In climate tech, the focus is shifting from "green promises" to energy-intensive realities. Norwegian company Photoncycle secured €15 million in Series A funding for seasonal storage: the idea is to store excess solar energy in summer for consumption in winter—a rare example of transparent consumer value in Europe, given its energy prices. In materials, London-based Shellworks closed a $15 million Series A to scale Vivomer—an alternative to plastic—focusing on cost-competitiveness and production in regional economies (US/EU/UK).
- Spacetech: capital is directed at launch infrastructure and manufacturing capacity, not just payloads.
- Climate tech: investors demand measurable impact on costs and supply chains.
B2B-SaaS and Vertical AI Products: Legal Tech, Compliance, and "Agentic" Automation
In applied B2B AI, the "verticalization" trend continues—winners are products integrated into existing processes that save hours of expensive specialist labor. In France/Europe, the platform DeepIP raised $25 million in Series B, positioning itself as a workflow-native solution for the entire patent lifecycle—from early development to portfolio support and enforcement. In the US, the "agentic" thesis is supported by the professional services market: Basis raised $100 million in Series B, achieving a valuation of $1.15 billion while focusing on autonomous agents for accounting.
In financial compliance, London-based Diligent AI closed $2.5 million in seed funding for AI agents in KYC/AML, aiming to reduce the burden due to increasing sanction regimes and the speed of digital payments. This is critical for global banks and fintech firms in the US, Europe, the Middle East, and Asia: compliance is becoming the point where AI delivers rapid ROI without the risk of "hallucinations," as quality metrics (false positives/false negatives, processing time) are relatively formalizable.
Exits, IPOs, and M&A: PhonePe on the IPO Market and Consolidation in Logistics
On the exit side, a key narrative emerges from India. According to Reuters, Walmart-backed PhonePe is targeting an IPO with a valuation of around $9–10.5 billion and a deal volume of approximately $900 million – $1.05 billion, with existing shareholders reportedly planning to sell stakes. The very fact of an active preparation for a major fintech listing in Mumbai/India is globally significant: it re-establishes the public market as a pricing mechanism for late-stage efforts and eases some pressure on secondary transactions.

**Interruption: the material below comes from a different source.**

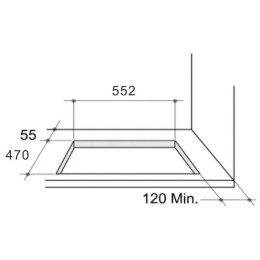 Газовая варочная панель Zigmund&Shtain GN 98.61 B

Meanwhile, M&A and private equity are shaping "comparables" for B2B. Thoma Bravo has announced an agreement to acquire WWEX Group, followed by a merger with Auctane to create a major technology platform in logistics and delivery. For venture funds, this confirms that buyers are willing to pay for data, automation, and end-to-end visibility "from checkout to doorstep," especially when the solution is both software and operationally scalable.